PROBLEM TO SOLVE:
Your answer should consist of each line below that contains the string "from".

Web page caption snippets
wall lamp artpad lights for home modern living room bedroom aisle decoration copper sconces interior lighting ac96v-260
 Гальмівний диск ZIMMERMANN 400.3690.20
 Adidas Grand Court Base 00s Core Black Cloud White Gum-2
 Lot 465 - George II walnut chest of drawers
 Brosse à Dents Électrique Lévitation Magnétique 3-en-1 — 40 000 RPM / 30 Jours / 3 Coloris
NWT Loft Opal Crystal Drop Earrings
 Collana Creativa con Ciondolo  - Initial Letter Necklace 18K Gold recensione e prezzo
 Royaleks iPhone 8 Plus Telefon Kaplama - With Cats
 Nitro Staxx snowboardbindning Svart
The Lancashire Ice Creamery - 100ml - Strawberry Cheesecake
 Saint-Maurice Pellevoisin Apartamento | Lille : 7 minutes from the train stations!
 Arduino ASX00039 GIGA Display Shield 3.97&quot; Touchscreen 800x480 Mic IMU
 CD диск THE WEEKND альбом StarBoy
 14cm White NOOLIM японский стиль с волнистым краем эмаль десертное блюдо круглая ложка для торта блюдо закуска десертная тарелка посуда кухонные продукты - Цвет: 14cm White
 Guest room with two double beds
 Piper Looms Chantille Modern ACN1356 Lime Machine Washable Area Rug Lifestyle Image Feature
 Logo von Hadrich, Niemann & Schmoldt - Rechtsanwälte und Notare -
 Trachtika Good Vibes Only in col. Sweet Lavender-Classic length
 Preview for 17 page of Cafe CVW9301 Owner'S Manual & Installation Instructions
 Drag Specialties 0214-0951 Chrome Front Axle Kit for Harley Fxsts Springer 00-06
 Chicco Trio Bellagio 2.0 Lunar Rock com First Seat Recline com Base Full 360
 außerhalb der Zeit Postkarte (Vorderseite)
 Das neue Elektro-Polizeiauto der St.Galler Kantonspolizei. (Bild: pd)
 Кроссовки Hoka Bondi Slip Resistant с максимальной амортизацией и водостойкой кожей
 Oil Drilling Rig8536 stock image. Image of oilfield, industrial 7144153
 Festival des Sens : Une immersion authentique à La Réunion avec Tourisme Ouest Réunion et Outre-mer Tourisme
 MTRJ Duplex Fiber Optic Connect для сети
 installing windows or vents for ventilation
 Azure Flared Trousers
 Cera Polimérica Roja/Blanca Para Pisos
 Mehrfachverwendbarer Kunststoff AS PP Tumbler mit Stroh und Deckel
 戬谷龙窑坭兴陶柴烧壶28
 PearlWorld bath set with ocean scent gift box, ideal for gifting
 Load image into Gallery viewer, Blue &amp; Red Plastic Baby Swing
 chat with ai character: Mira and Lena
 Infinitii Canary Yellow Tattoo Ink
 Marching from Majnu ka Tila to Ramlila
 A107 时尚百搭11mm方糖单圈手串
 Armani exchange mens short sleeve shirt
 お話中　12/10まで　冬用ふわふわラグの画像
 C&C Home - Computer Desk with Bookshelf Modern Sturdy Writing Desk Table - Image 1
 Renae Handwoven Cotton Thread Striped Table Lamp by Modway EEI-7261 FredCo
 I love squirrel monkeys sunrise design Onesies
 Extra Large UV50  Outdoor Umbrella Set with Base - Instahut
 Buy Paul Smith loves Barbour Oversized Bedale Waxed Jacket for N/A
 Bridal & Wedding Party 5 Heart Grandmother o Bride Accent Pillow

WORKED SOLUTION:
 Saint-Maurice Pellevoisin Apartamento | Lille : 7 minutes from the train stations!
 Marching from Majnu ka Tila to Ramlila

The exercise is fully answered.